Exercise prompt — Please return each line of the listing below exactly as written.

Information supplied —
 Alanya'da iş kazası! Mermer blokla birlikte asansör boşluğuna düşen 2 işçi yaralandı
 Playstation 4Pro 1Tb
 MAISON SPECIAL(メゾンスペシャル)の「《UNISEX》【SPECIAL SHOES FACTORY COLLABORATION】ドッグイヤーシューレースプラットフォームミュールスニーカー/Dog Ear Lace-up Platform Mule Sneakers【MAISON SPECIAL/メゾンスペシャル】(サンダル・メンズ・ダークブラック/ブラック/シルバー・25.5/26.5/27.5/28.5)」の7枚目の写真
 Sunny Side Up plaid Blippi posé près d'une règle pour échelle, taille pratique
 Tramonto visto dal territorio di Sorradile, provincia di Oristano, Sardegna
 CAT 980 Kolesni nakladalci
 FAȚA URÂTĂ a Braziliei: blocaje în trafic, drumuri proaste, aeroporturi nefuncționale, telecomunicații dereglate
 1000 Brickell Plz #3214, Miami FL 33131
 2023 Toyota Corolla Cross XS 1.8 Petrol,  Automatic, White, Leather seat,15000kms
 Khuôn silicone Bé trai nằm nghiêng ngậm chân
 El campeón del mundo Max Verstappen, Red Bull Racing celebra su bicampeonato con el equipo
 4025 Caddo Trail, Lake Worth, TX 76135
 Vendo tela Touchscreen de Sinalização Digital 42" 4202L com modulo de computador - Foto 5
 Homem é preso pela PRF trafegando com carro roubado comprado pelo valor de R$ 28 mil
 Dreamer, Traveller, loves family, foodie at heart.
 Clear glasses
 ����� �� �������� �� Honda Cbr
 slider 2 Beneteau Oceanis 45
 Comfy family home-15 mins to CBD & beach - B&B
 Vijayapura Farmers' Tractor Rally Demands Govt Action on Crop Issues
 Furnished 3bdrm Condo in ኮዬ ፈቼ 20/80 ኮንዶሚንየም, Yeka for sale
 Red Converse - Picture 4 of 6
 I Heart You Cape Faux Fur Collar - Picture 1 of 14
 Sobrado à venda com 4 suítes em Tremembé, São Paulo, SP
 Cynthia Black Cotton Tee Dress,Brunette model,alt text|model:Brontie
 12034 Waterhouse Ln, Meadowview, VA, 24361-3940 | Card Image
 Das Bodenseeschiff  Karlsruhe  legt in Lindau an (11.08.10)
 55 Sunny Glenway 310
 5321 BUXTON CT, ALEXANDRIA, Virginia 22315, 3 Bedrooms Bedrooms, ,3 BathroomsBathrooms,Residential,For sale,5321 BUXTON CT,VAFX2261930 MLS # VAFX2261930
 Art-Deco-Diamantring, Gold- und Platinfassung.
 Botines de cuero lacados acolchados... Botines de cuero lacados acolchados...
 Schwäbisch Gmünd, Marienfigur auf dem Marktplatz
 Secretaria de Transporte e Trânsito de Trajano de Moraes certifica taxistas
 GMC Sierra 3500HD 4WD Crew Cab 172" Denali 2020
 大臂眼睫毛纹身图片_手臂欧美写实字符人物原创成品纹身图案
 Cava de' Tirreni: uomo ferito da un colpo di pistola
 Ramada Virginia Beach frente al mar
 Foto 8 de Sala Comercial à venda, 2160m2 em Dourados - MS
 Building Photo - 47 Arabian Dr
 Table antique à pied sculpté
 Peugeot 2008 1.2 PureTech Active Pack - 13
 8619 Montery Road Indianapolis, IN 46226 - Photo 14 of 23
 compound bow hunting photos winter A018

Task output —
 Alanya'da iş kazası! Mermer blokla birlikte asansör boşluğuna düşen 2 işçi yaralandı
 Playstation 4Pro 1Tb
 MAISON SPECIAL(メゾンスペシャル)の「《UNISEX》【SPECIAL SHOES FACTORY COLLABORATION】ドッグイヤーシューレースプラットフォームミュールスニーカー/Dog Ear Lace-up Platform Mule Sneakers【MAISON SPECIAL/メゾンスペシャル】(サンダル・メンズ・ダークブラック/ブラック/シルバー・25.5/26.5/27.5/28.5)」の7枚目の写真
 Sunny Side Up plaid Blippi posé près d'une règle pour échelle, taille pratique
 Tramonto visto dal territorio di Sorradile, provincia di Oristano, Sardegna
 CAT 980 Kolesni nakladalci
 FAȚA URÂTĂ a Braziliei: blocaje în trafic, drumuri proaste, aeroporturi nefuncționale, telecomunicații dereglate
 1000 Brickell Plz #3214, Miami FL 33131
 2023 Toyota Corolla Cross XS 1.8 Petrol,  Automatic, White, Leather seat,15000kms
 Khuôn silicone Bé trai nằm nghiêng ngậm chân
 El campeón del mundo Max Verstappen, Red Bull Racing celebra su bicampeonato con el equipo
 4025 Caddo Trail, Lake Worth, TX 76135
 Vendo tela Touchscreen de Sinalização Digital 42" 4202L com modulo de computador - Foto 5
 Homem é preso pela PRF trafegando com carro roubado comprado pelo valor de R$ 28 mil
 Dreamer, Traveller, loves family, foodie at heart.
 Clear glasses
 ����� �� �������� �� Honda Cbr
 slider 2 Beneteau Oceanis 45
 Comfy family home-15 mins to CBD & beach - B&B
 Vijayapura Farmers' Tractor Rally Demands Govt Action on Crop Issues
 Furnished 3bdrm Condo in ኮዬ ፈቼ 20/80 ኮንዶሚንየም, Yeka for sale
 Red Converse - Picture 4 of 6
 I Heart You Cape Faux Fur Collar - Picture 1 of 14
 Sobrado à venda com 4 suítes em Tremembé, São Paulo, SP
 Cynthia Black Cotton Tee Dress,Brunette model,alt text|model:Brontie
 12034 Waterhouse Ln, Meadowview, VA, 24361-3940 | Card Image
 Das Bodenseeschiff  Karlsruhe  legt in Lindau an (11.08.10)
 55 Sunny Glenway 310
 5321 BUXTON CT, ALEXANDRIA, Virginia 22315, 3 Bedrooms Bedrooms, ,3 BathroomsBathrooms,Residential,For sale,5321 BUXTON CT,VAFX2261930 MLS # VAFX2261930
 Art-Deco-Diamantring, Gold- und Platinfassung.
 Botines de cuero lacados acolchados... Botines de cuero lacados acolchados...
 Schwäbisch Gmünd, Marienfigur auf dem Marktplatz
 Secretaria de Transporte e Trânsito de Trajano de Moraes certifica taxistas
 GMC Sierra 3500HD 4WD Crew Cab 172" Denali 2020
 大臂眼睫毛纹身图片_手臂欧美写实字符人物原创成品纹身图案
 Cava de' Tirreni: uomo ferito da un colpo di pistola
 Ramada Virginia Beach frente al mar
 Foto 8 de Sala Comercial à venda, 2160m2 em Dourados - MS
 Building Photo - 47 Arabian Dr
 Table antique à pied sculpté
 Peugeot 2008 1.2 PureTech Active Pack - 13
 8619 Montery Road Indianapolis, IN 46226 - Photo 14 of 23
 compound bow hunting photos winter A018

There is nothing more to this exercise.